__Your goal__:
Your answer should hold only the lines from the start of the data below through the line with "VIOLÍN DE AUSCHWITZ, EL", copied exactly, with pictures left out.

-- Data shown follows --

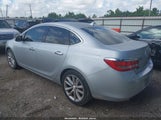 BUICK VERANO 1G4PP5SK4D4119444 снимка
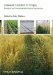  Disease Control in Crops: Biological and Environmentally-friendly Approaches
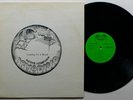 SHIVAS HEADBAND Coming To A Head 1st PRESS Mint LP Armadillo Tx PSYCH Unplayed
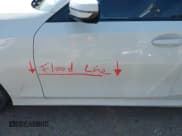 ✅ 2022 BMW 3 Series 330i • VIN: 3MW5R1J06N8C42821 • Lot: 42234878. Listed on IAAI with 60,888 mi. Free auction sales archive from the USA and detailed vehicle history report at DreamBid. Image 12.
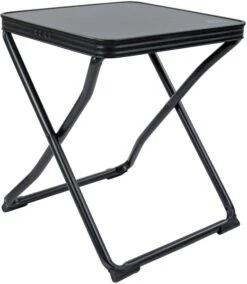 Bo-Camp Krukje Met Oplegblad - Inklapbaar -KampGear Winkel bo camp krukje met oplegblad inklapbaar 3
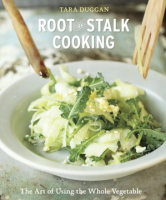 Root-to-stalk_cooking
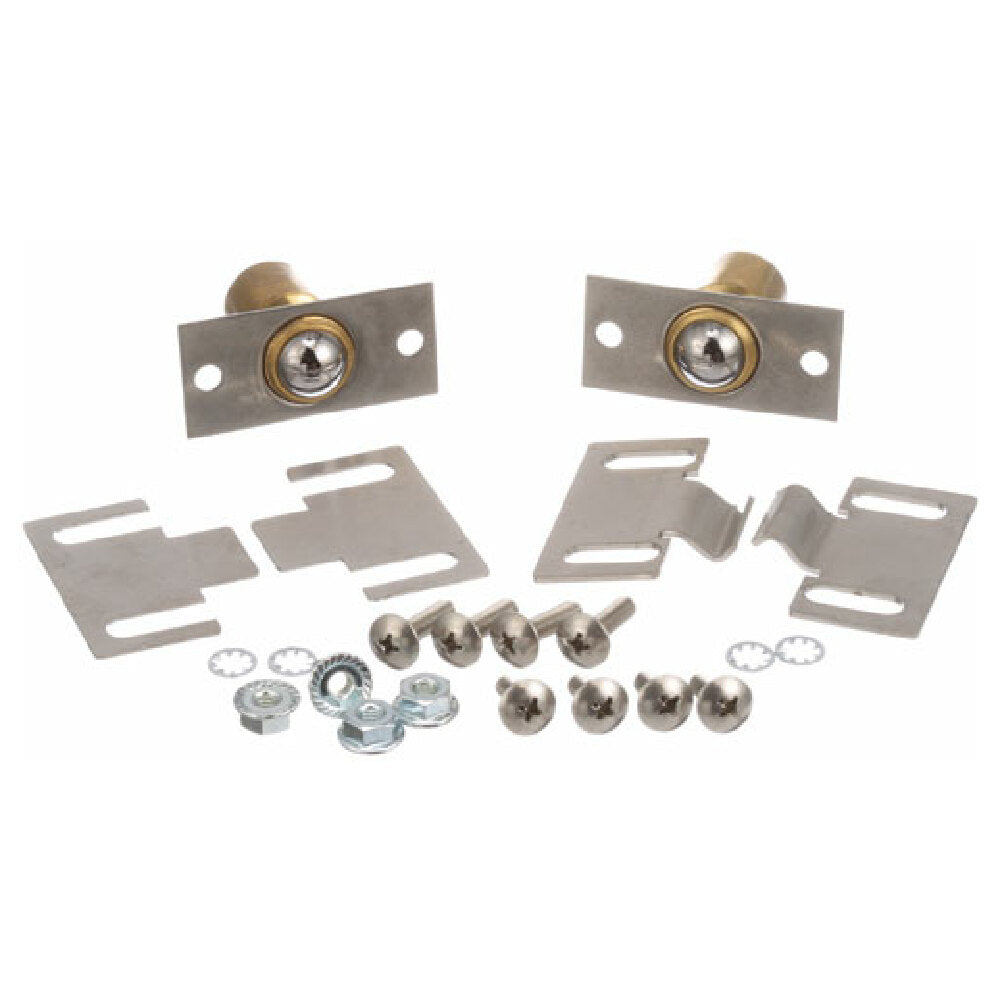 Vulcan Hart 00-423014-000G1 Door Catch Kit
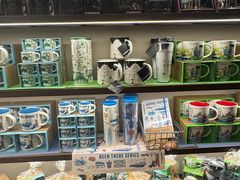 -星巴克(威尼斯人店)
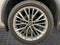 2025 Lexus NX 350h Luxury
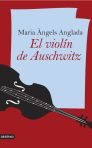 VIOLÍN DE AUSCHWITZ, EL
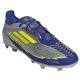3. Buty adidas F50 Elite Messi FG Jr IH0921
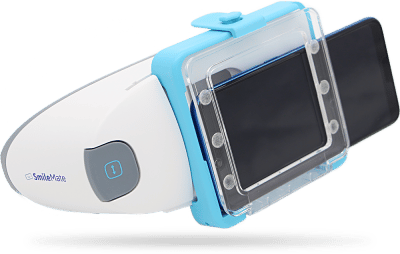Patient resources 15 Scanbox sm with phone in position opt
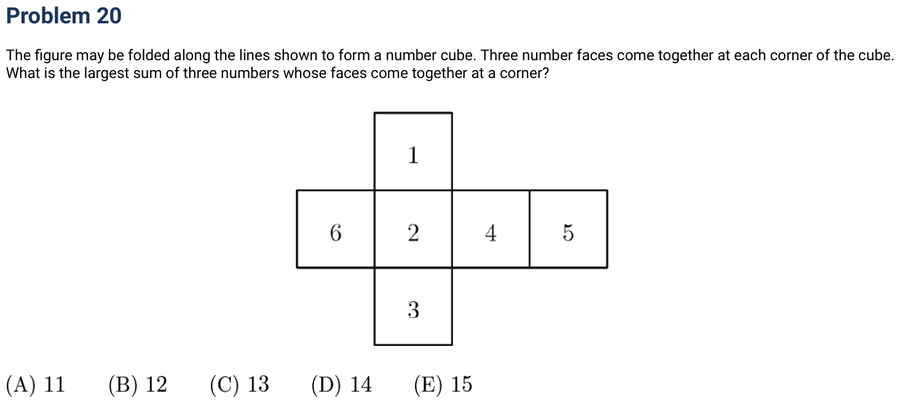 1989 Problem 20
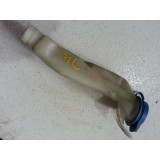 Gargalo Do Reservatório Água Mercedes Ml 500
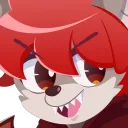 Wanderlust's Avatar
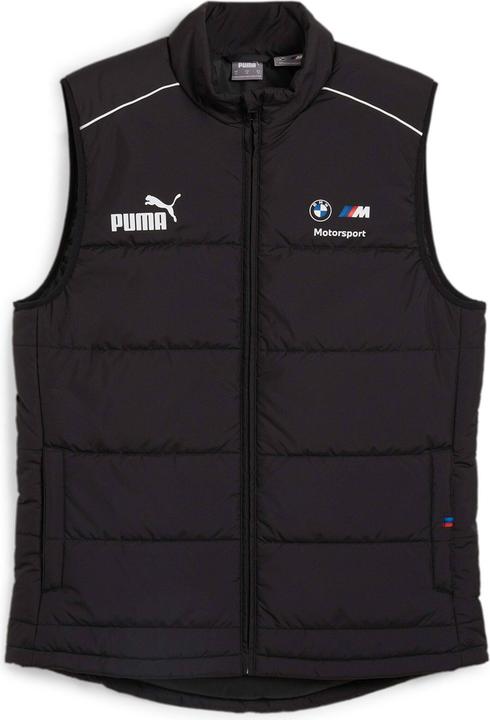 Immagine prodotto Puma piuino pua bw s t7+ (M)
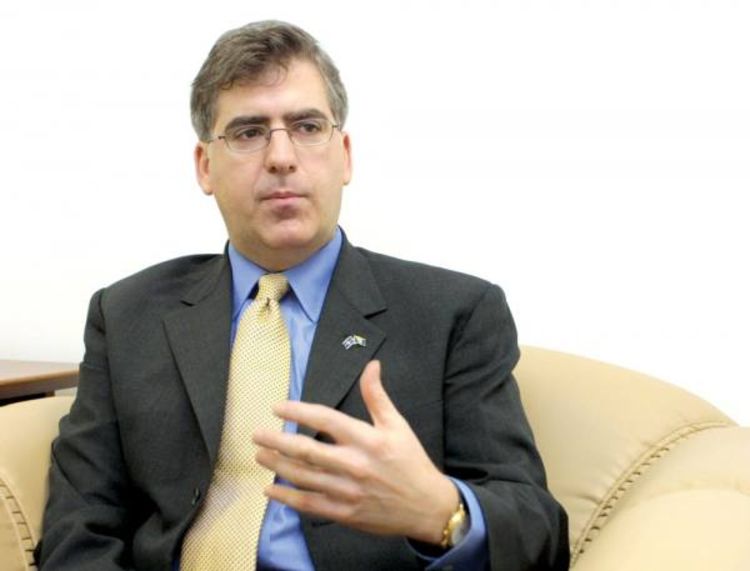Rafi Gregorijan: Silajdžić i Ivanić srušili dogovor o reformi policije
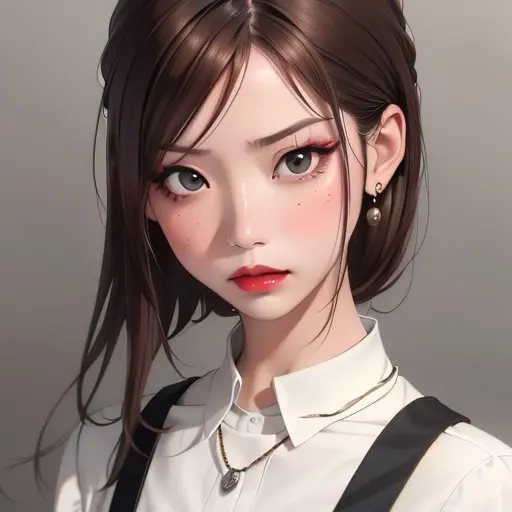 Yere.Withme의 최예서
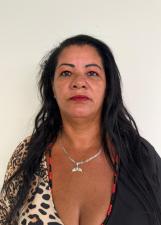 MÃE GORETTI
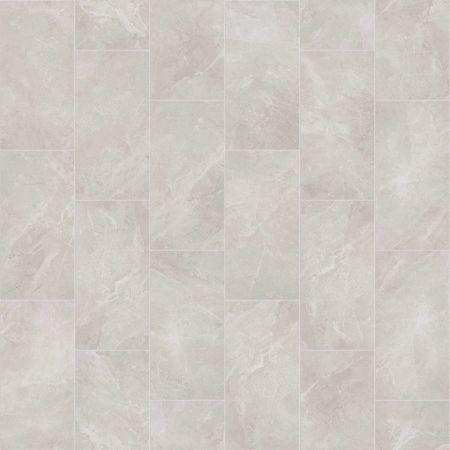 Shaw Floors Ceramic Solutions Idyllic 12x24 Serein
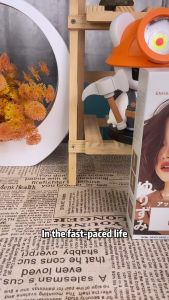 Cat Pewarna Rambut Colouring Set+ FREE! Sarung Tangan - Semir Rambut Permanen / Tanpa Merusak Rambut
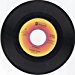 Stephen Bishop - Stephen Bishop 45 Rpm On And On / On And On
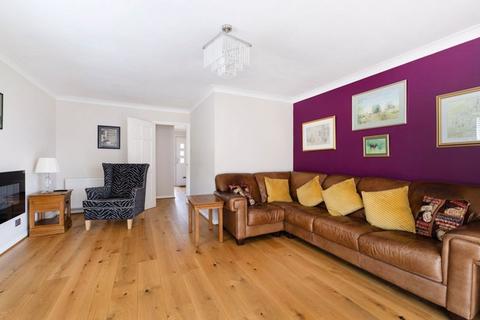 3 bedroom detached house for sale, Glenmore Park, Tunbridge Wells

-- Data shown concluded --

__Result of this exercise__:
 BUICK VERANO 1G4PP5SK4D4119444 снимка
  Disease Control in Crops: Biological and Environmentally-friendly Approaches
 SHIVAS HEADBAND Coming To A Head 1st PRESS Mint LP Armadillo Tx PSYCH Unplayed
 ✅ 2022 BMW 3 Series 330i • VIN: 3MW5R1J06N8C42821 • Lot: 42234878. Listed on IAAI with 60,888 mi. Free auction sales archive from the USA and detailed vehicle history report at DreamBid. Image 12.
 Bo-Camp Krukje Met Oplegblad - Inklapbaar -KampGear Winkel bo camp krukje met oplegblad inklapbaar 3
 Root-to-stalk_cooking
 Vulcan Hart 00-423014-000G1 Door Catch Kit
 -星巴克(威尼斯人店)
 2025 Lexus NX 350h Luxury
 VIOLÍN DE AUSCHWITZ, EL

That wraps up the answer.